Schowalter works for the Marshals Service, though she doesn't carry a badge or a gun. Her job entails getting the best price for confiscated real estate such as the Florida house, appraised this year for $7.67 million by Palm Beach County. With the Madoff house, the hazards for those who work with Schowalter can be unusual — including flying dog poop hurled by a disgruntled passerby.

As Schowalter walks through the approximately 6,500-square-foot house, she points the cleaning crew to a bathroom with grime on the countertop and a dead cockroach on the rust-colored terra cotta floor tiles. She picks up a leaf on the circular staircase leading to the master bedroom.

A federal judge ruled in June that the Marshals Service can sell the Palm Beach house, along with a house in Montauk, N.Y., and a penthouse on the Upper East Side of Manhattan. The Montauk house was listed last week for $8.75 million.

Proceeds from the sales will be used to pay restitution to victims of Madoff's Ponzi scheme, the largest in history. Madoff, 71, pleaded guilty in March and was sentenced in June to 150 years in prison for using money from new clients to pay earlier investors in a $65 billion fraud.

Schowalter flew to Palm Beach last week to make sure the five-bedroom, seven-bathroom house is clean, Madoff's handmade Belgian shoes are out of sight and the best real estate agent is hired to market the property.

"It looks pretty good!" Schowalter says, dressed in a pantsuit, gold earrings and a matching necklace.

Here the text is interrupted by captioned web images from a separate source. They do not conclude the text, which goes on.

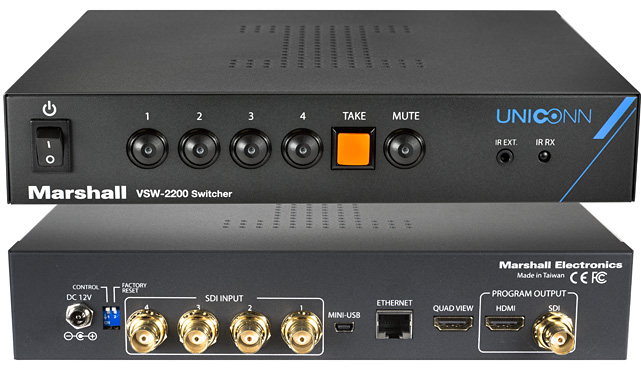 4-input Seamless 3GSDI Quad-View Switcher, front and rear views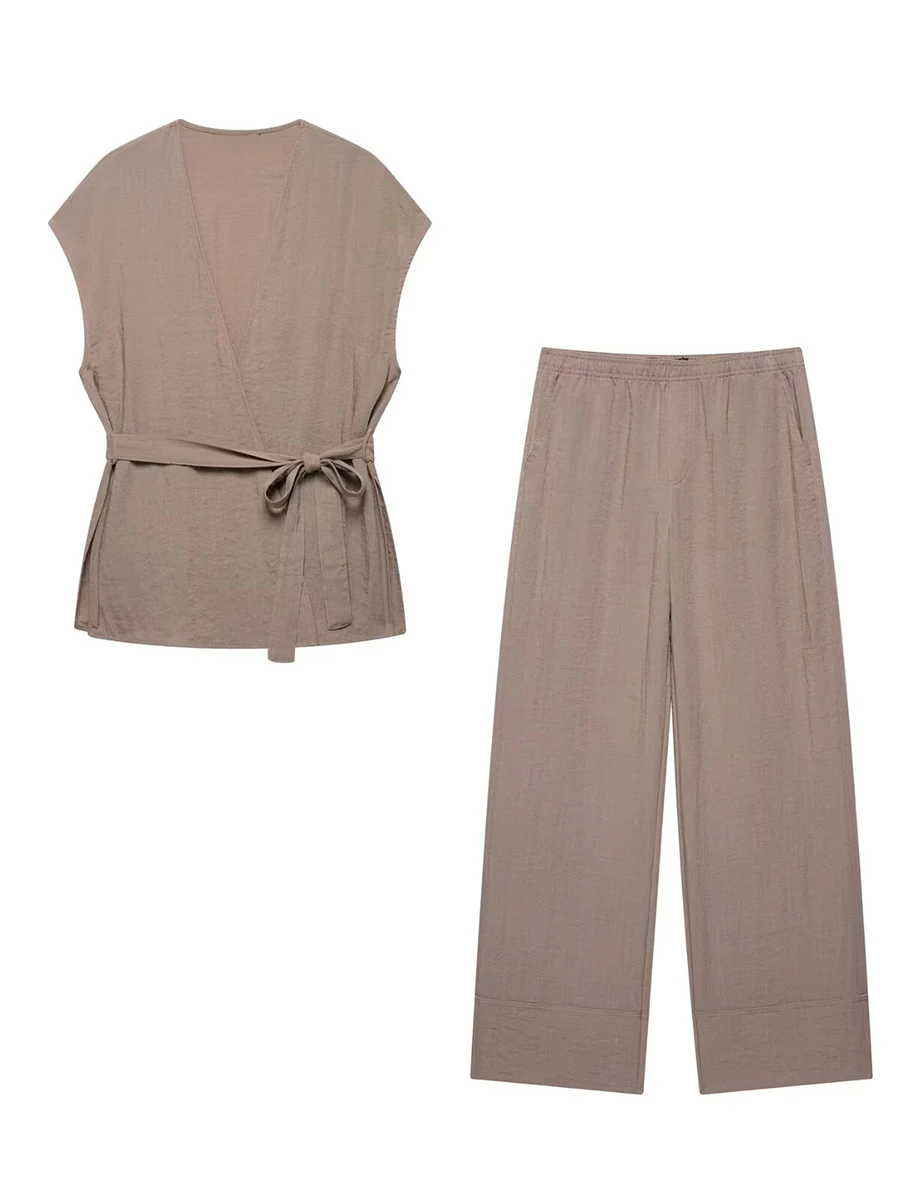 Summer New Solid Thin 2 Piece Set Women V Neck Sleeveless Lace-up Kimono Top Simple Fashion Loose Casual Wide Leg Trouser Suits
Summer New Solid Thin 2 Piece Set Women V Neck Sleeveless Lace-up Kimono Top Simple Fashion Loose Casual Wide Leg Trouser Suits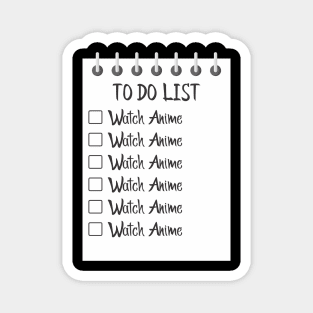 Anime To Do List Magnet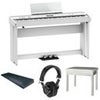 Roland FP-90X 88-Key Portable Digital Piano, Black Bundle with KSC-90 Stand, KPD-90 Pedal Unit, Bench, Studio Monitor Headphones, Dustcover White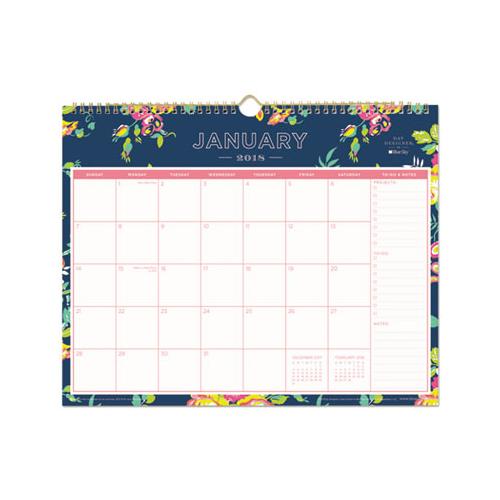 Day Designer Wirebound Wall Calendar, 15 X 12, Navy Floral, 2021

A contractor points to mildew growing on floor tiles in an outdoor area. Schowalter makes a phone call to a company that handles maintenance for Marshals Service properties.

"I want that taken care of ASAP," she says.

Schowalter, a mother of three grown children who would not give her age, joined the Marshals Service in 2002 after a career in real estate and the mortgage industry. She was attracted by job security and the agency's mission.

Schowalter is the real property team leader for a group of 10 people. They work out of agency headquarters in Crystal City, Va., just outside Washington, and manage and sell properties obtained in cases investigated by agencies including the Federal Bureau of Investigation and Drug Enforcement Administration. They also assist prosecutors in making decisions about property targeted for forfeiture.

"We have the crack house to the penthouse," Schowalter says.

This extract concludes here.